The city scored 90 out of 100 on the Human Rights Campaign Foundation's Municipal Equality Index. According to the campaign's report released Thursday, Salem scored higher than Portland, at 88, Eugene at 86 and much higher than Gresham at 36.
As a whole, Oregon cities scored higher than the national average of 57.
"90 is certainly a score for Salem to be proud of," said Amy Herzfeld-Copple, co-executive director of Basic Rights Oregon.
Basic Rights Oregon, a Portland-based nonprofit, advocates for LGBTQ equality across the state.
The Municipal Equality Index takes into account a city's non-discrimination laws for housing and employment, law enforcement's relationship with the LGBTQ community, whether a human rights commission is in place, how the city treats municipal employees and how city leaders interact with the LGBTQ community.
Salem scored perfectly on its non-discrimination laws, law enforcement and municipal services. The city lost points for not having transgender-inclusive health benefits and city leadership's lack of pro-equality legislative and policy efforts.
Gretchen Bennett, the city's human rights and relations and federal compliance manager, said Salem's high score is the result of years of diversity and inclusiveness initiatives.
"We've been working proactively and reactively on the topic," she said.
In 1967, Salem created a Human Rights and Relations Advisory Commission and has long had anti-discrimination laws written into the city code.
The 15-member commission includes community members with a wide-range of backgrounds and perspectives and meets every month to address tensions, injustice and disparities in the city.
A Salem Police Department liaison attends every meeting. Bennett said their presence is important because they can work directly on ongoing issues and determine whether actions are illegal or considered hate crimes.
Salem scored 22 out of 22 points on the index's law enforcement section for having an LGBTQ police liaison and for reporting hate crime statistics to the FBI. Portland lost points for not reporting these statistics and for not having a liaison in the city's executive office.
The index allows bonus points for things like having an openly LGBTQ elected leader and providing services for people living with HIV and AIDS.
Salem received bonus points for pairing its human rights commission with actual enforcement.
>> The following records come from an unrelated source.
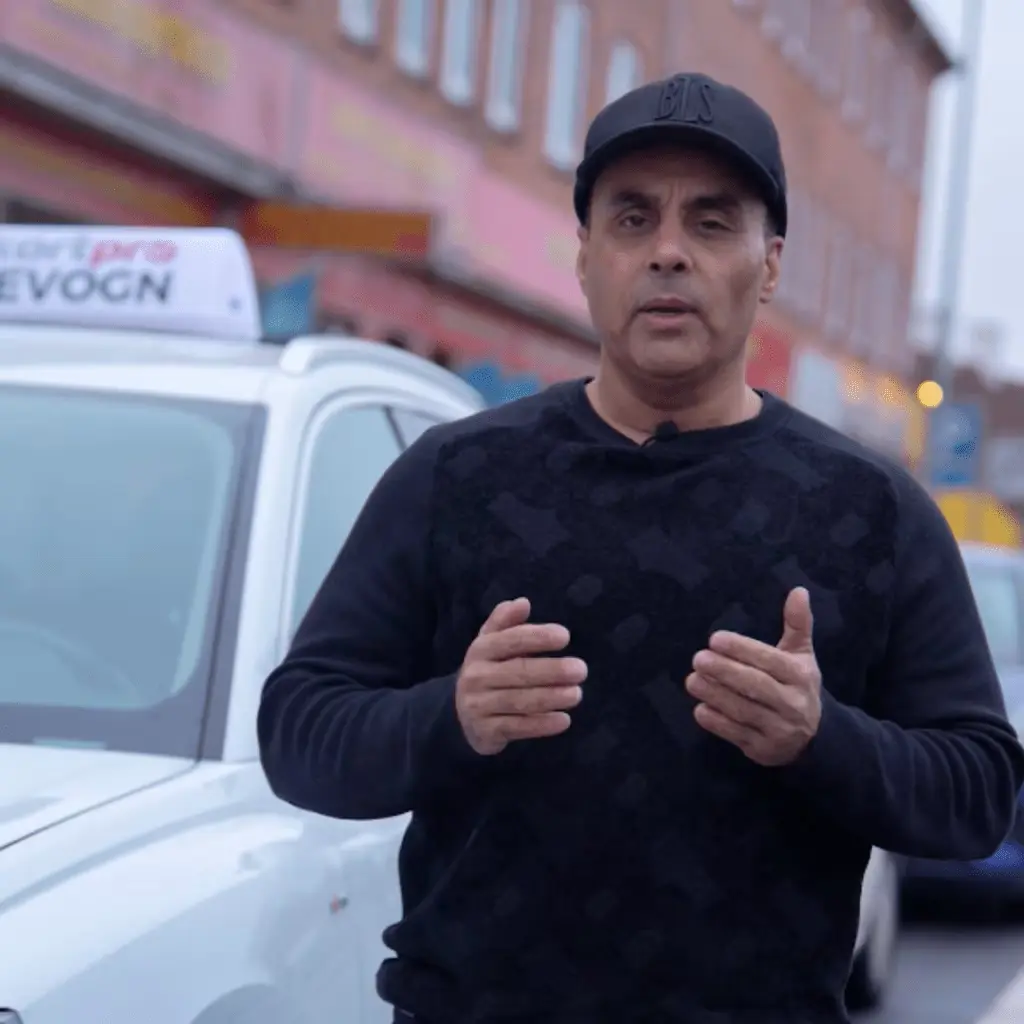 Kørelærer Sajad Hussain ved skolevognen på Hvidovre Torv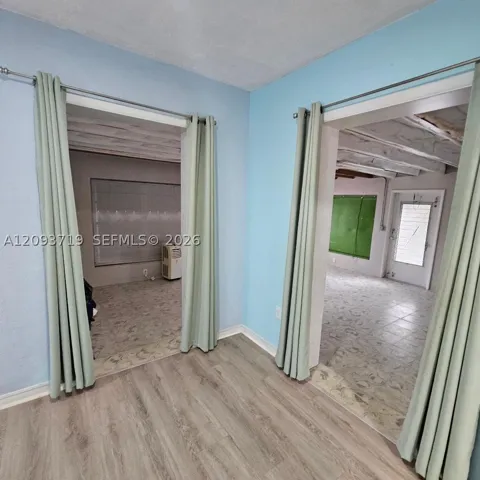 entrance to Florida room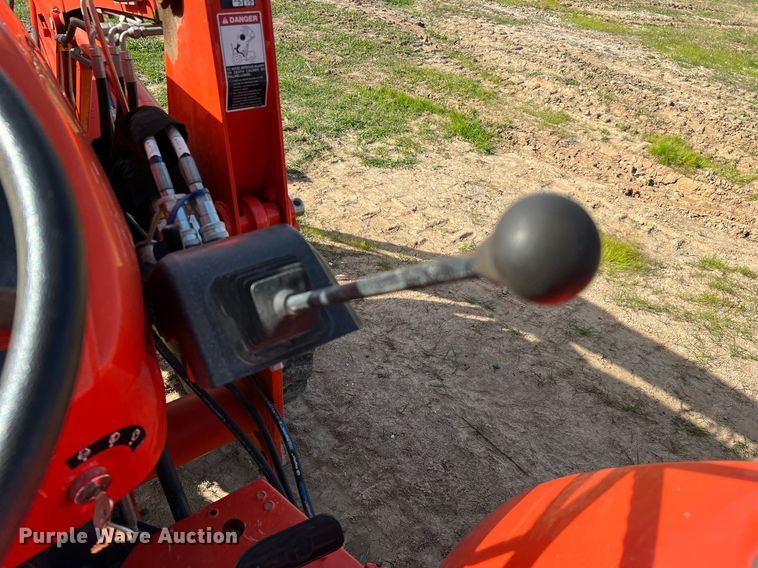 image for item MI9000 2018 Kubota MX5200HST  MFWD tractor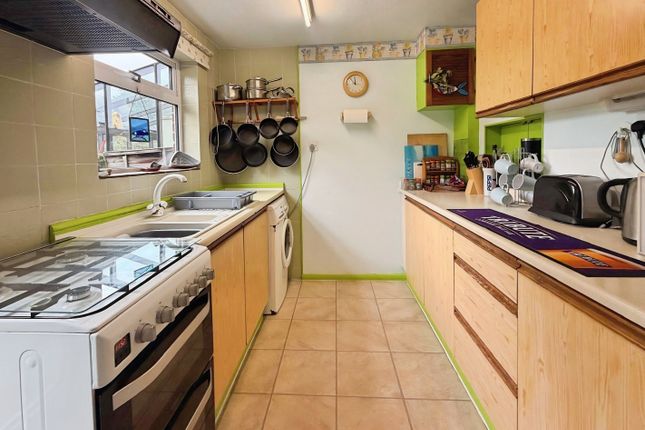 8, Shields Crescent, Castle Donington photo 2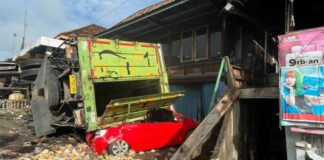 Kecelakaan di Pedamaran OKI, Truk Fuso Timpa Mobil yang Terparkir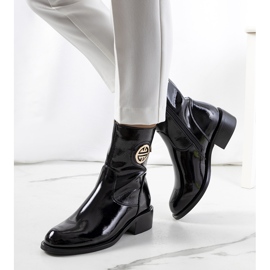 PA1 Černé lakované kozačky značky Rodovia černá 1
Human Rights Campaign President Chad Griffin said the index serves a "vital tool" for business leaders to see how welcoming — or unwelcoming — communities are and what can be done to attract and retain the best employees.
“This year’s (index) paints a vivid picture: Cities big and small, in red and blue states alike, are continuing our progress toward full equality, regardless of the political drama unfolding in Washington, D.C., and in state legislatures across the country," Griffin said.
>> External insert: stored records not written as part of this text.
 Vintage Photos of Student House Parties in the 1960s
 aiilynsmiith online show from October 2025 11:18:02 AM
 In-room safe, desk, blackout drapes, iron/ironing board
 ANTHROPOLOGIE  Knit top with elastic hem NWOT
Oregon just celebrated the 10th anniversary of the Oregon Equality Act, which prohibits discrimination based on sexual orientation and gender identity in employment, housing and public accommodations. Since then, the state has made considerable progress for LGBTQ protections, Herzfeld-Copple said.
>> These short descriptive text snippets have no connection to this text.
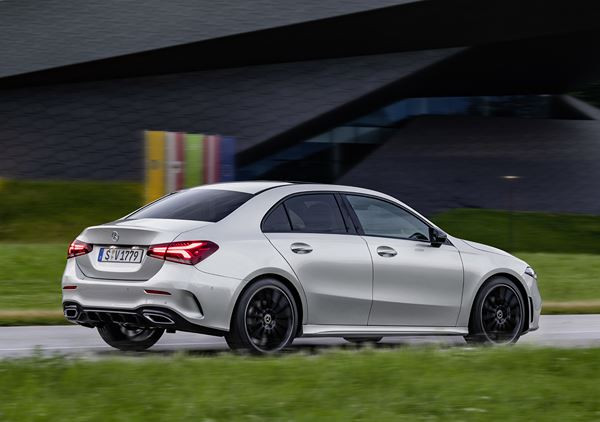 Mercedes Classe A Berline: une berline quatre portes compacte à coffre séparé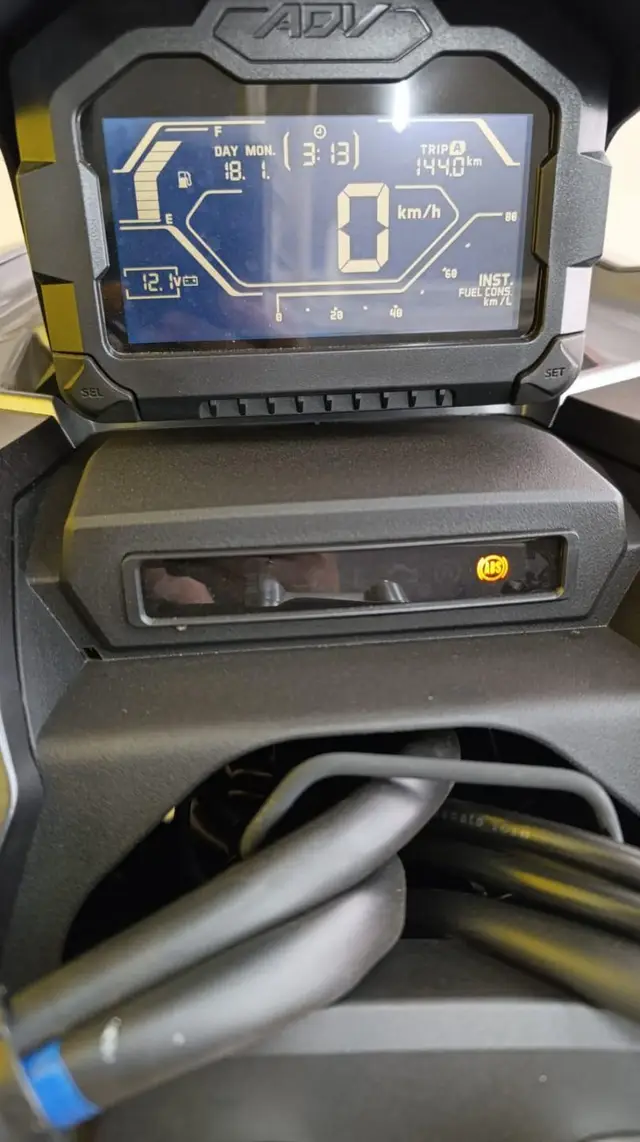Carro Honda ADV 2023 ABS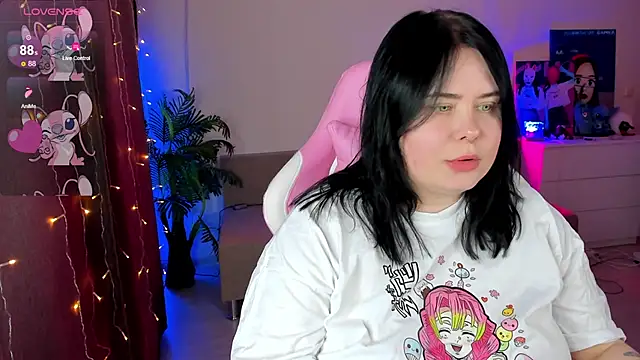 Akemi BBW online show from November 13, 2025, 3:55 pm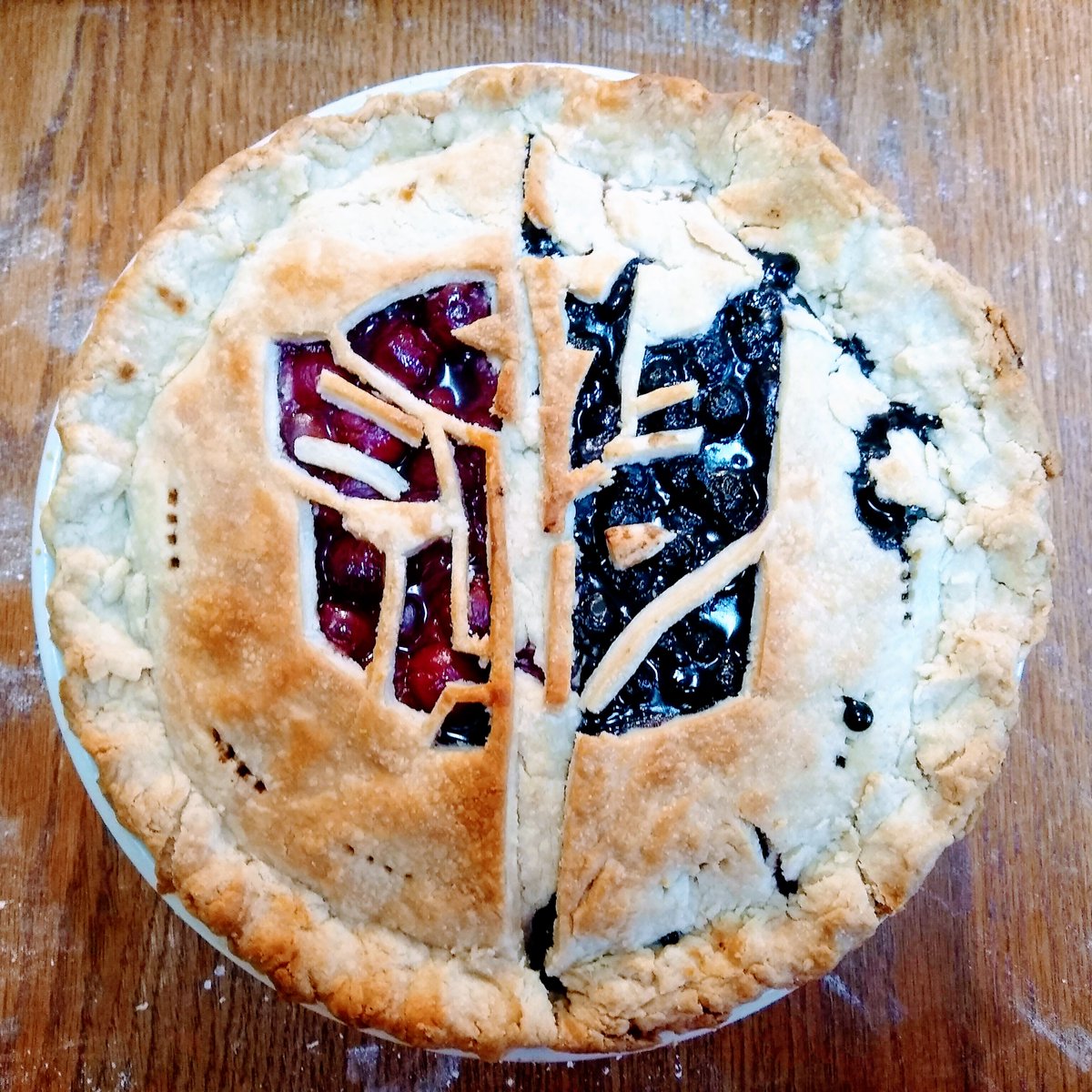 I was not feeling particularly patriotic this #FourthOfJuly until this idea for a red, white, and blue (er, purple) pie occurred to me...

#Transformers #Pie #TillAllAreOne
In 2015, the Movement Advancement Project — a Colorado-based think tank — ranked Oregon as being the second most LGBTQ-friendly state in the nation, behind California.
Herzfeld-Copple said she would expect cities like Eugene, Salem and Portland to have high equality scores. But those living outside of major metropolitan areas continue to experience hardships.
She said Salem and other Oregon cities can increase their equality levels by increasing training opportunities for employers, creating a culture of inclusion for transgender individuals and doubling down on bullying awareness and safety in schools.
“We want every community in our state to feel welcoming and affirming no matter who you love or how you identify," she said.